JUNEAU — Alaska’s economic future is on the line if more oil doesn’t flow through the 800-mile trans-Alaska pipeline.
That’s not in dispute.
What’s got Alaska lawmakers in a quandary is whether to cut taxes for oil companies in an effort to spur new development.
Gov. Sean Parnell has offered a plan, but critics dismiss it as a corporate giveaway that doesn’t guarantee the state would get anything in return. And not everyone is convinced there’s a problem with the existing tax structure.
“Am I missing something?” asked Sen. Hollis French, D-Anchorage. “Every piece of concrete data shows the system is working, for both sides.”
Supporters of changing the tax structure say it would spur development on the oil-rich North Slope and that without action, the trend of declining production will continue.
“What we’re saying as a Senate is, ‘Let’s throw some options out there and get the dialogue going,”’ said Sen. Lesil McGuire, R-Anchorage.
There is a lot on the line. Oil is king in Alaska, providing about 90 percent of the state’s unrestricted revenue.
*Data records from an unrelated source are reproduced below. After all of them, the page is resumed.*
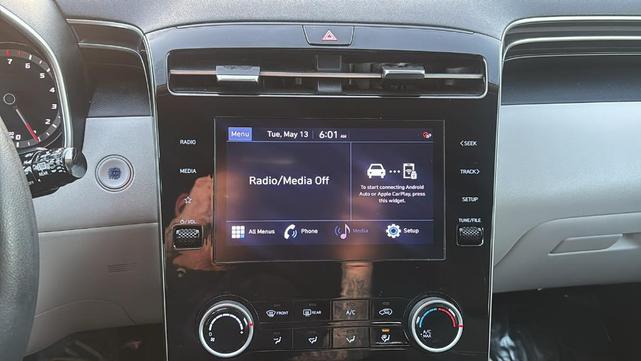 Photo of 2022 Quartz White Hyundai TUCSON
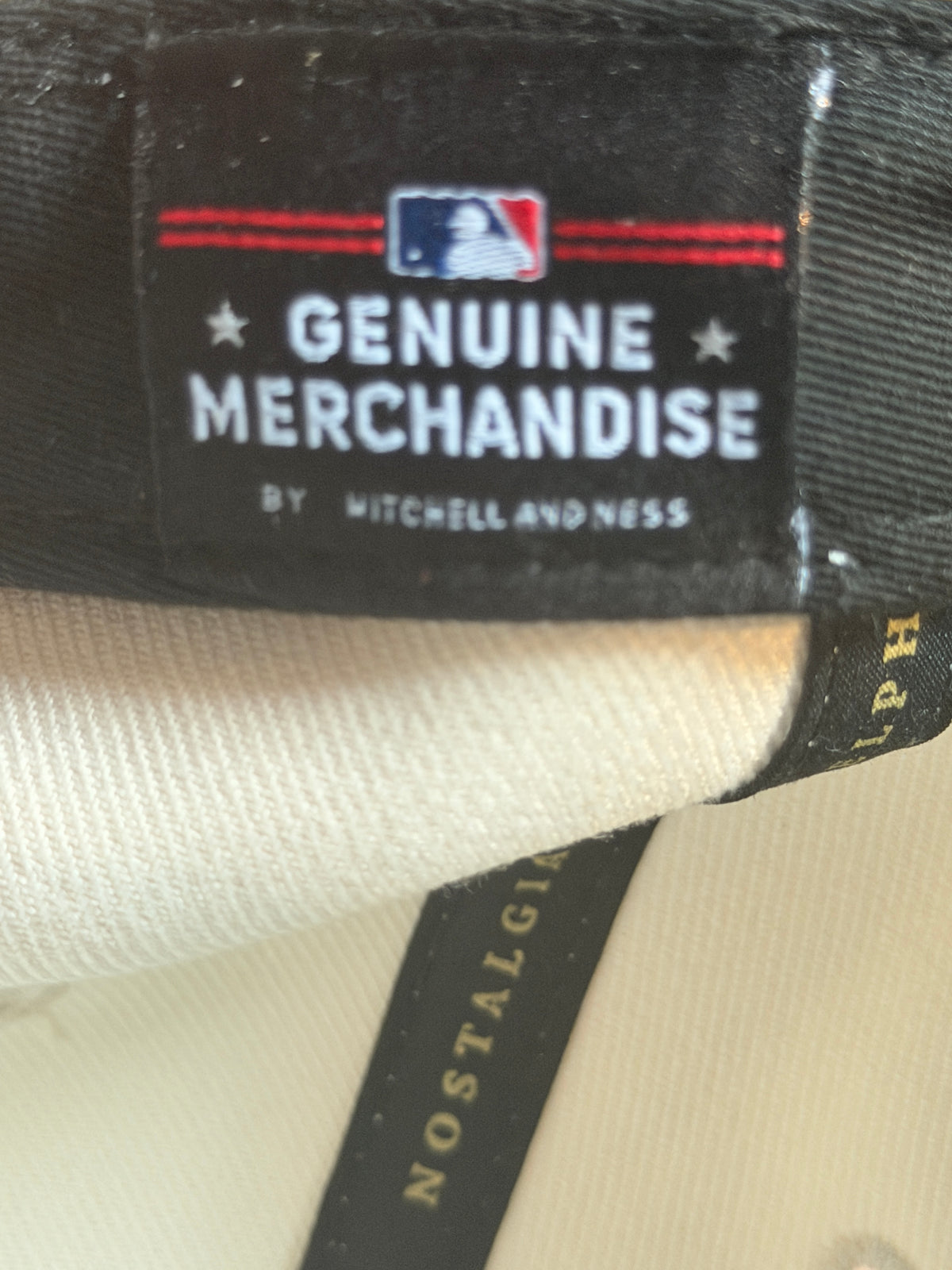 Mitchell & Ness Yankees Old English Pro Pinch Snapback Hat Cream Tan MLB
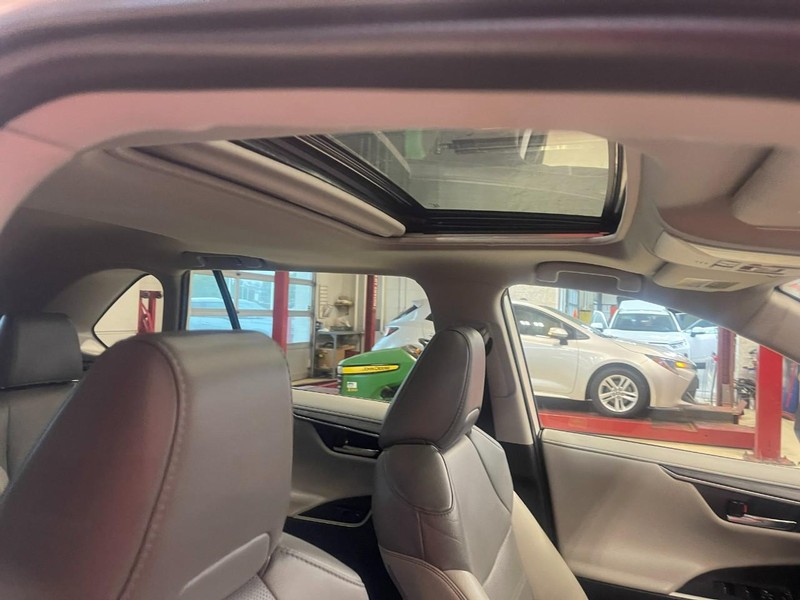 Toyota RAV4 Hybrid Vehicle Image 10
Without those funds everything from education to emergency services would suffer.
“We’ve got to be very cautious and make sure any changes we make are the right changes,” Senate President Gary Stevens, R-Kodiak, said. “There’s a lot of pressure on both sides. It will be an intense time to get to the end of this, I’m afraid.”
Oil companies have argued that the state’s existing tax structure eats too deeply into profits in times of high oil prices and discourages increased investment in Alaska. The system features a 25 percent base tax rate and a progressive rate triggered when a company’s production tax value hits $30 a barrel. North Slope oil closed Thursday at $118.34.
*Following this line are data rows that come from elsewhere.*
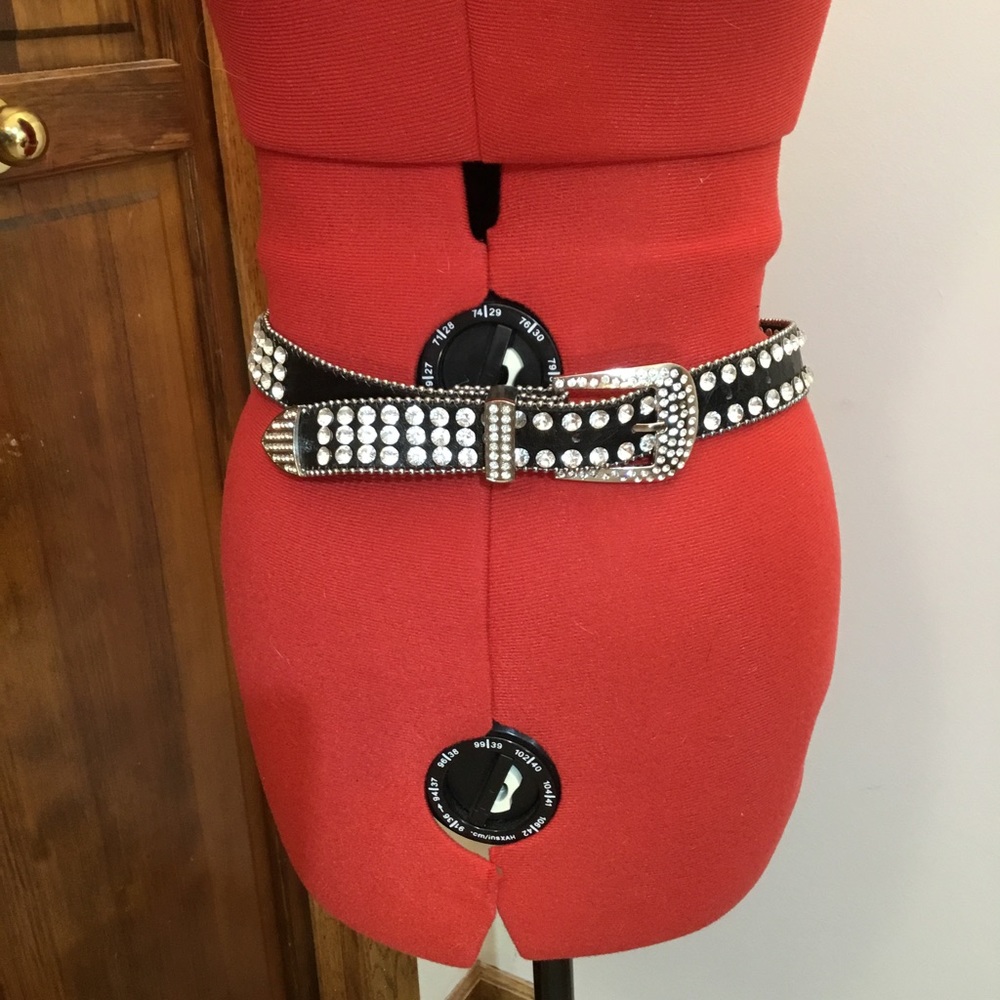 MMS Design Studio belt, size S, heavy bead & stone embellished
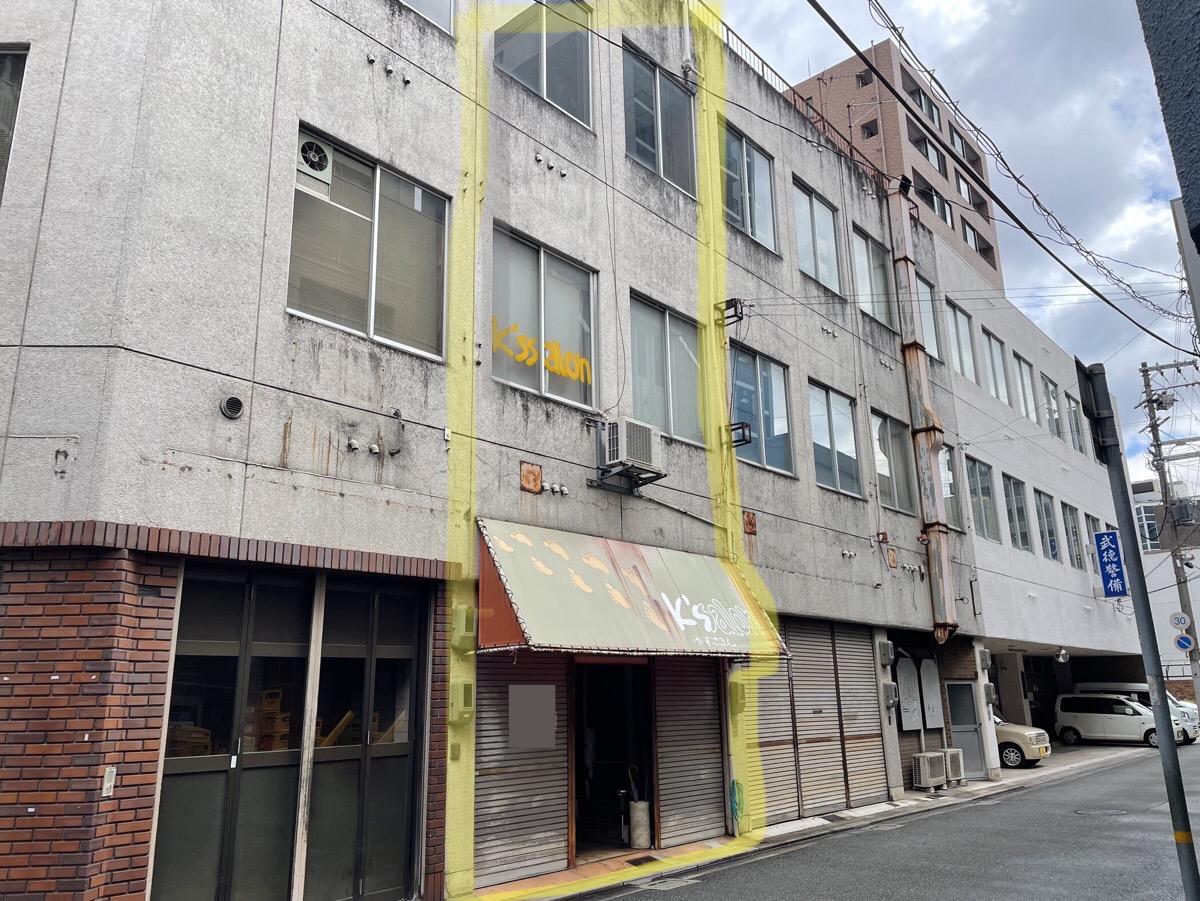 姫路市古二階町の賃貸物件/左手から二番目の庇のついた区画が今回のお目当て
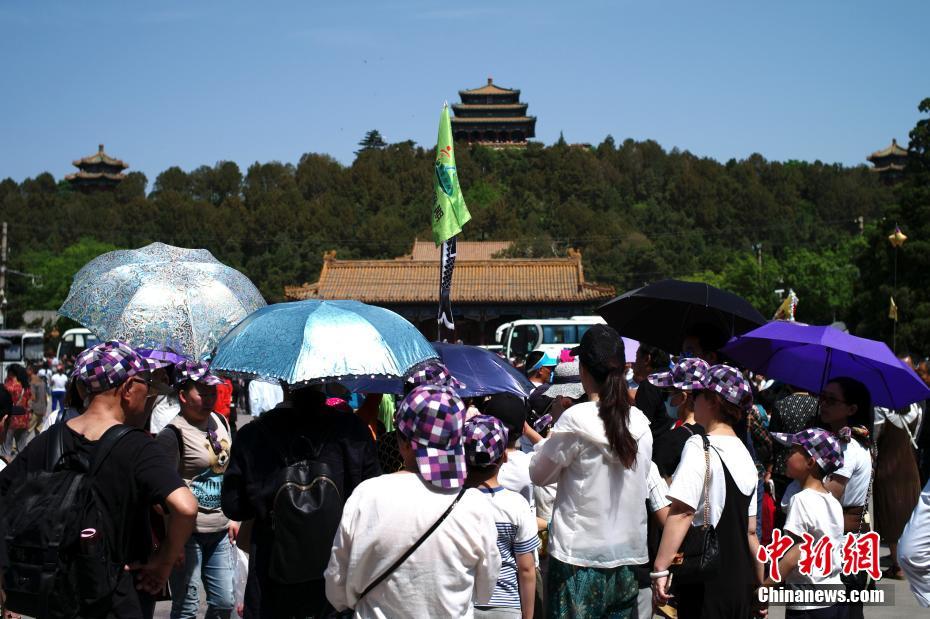 北京昨迎66年来4月最热一天 气温超过33℃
The idea, when the structure was adopted in 2007, was that the state would help oil companies on the front end with things such as tax credits and share profits on the back end when oil flowed and prices were high.
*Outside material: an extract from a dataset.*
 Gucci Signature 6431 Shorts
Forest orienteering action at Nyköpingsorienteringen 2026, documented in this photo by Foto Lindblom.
Sen. Cathy Giessel, R-Anchorage, says nothing she’s heard as her chamber has delved further into the oil tax issue “has changed my view of our competitiveness on the world market.”
Senators on both sides share the governor’s goal of getting more oil into the pipeline. The Department of Revenue estimates a 4.7 percent decline this fiscal year on top of a 6.3 percent decline last year. Those figures include projects under development or being considered. A 9.1 percent decline in currently producing fields is projected for this year.
About 600,000 barrels a day currently flow through the line. Parnell has set a goal of increasing that to 1 million barrels of oil within a decade, but his administration says that’s not possible under the current tax structure.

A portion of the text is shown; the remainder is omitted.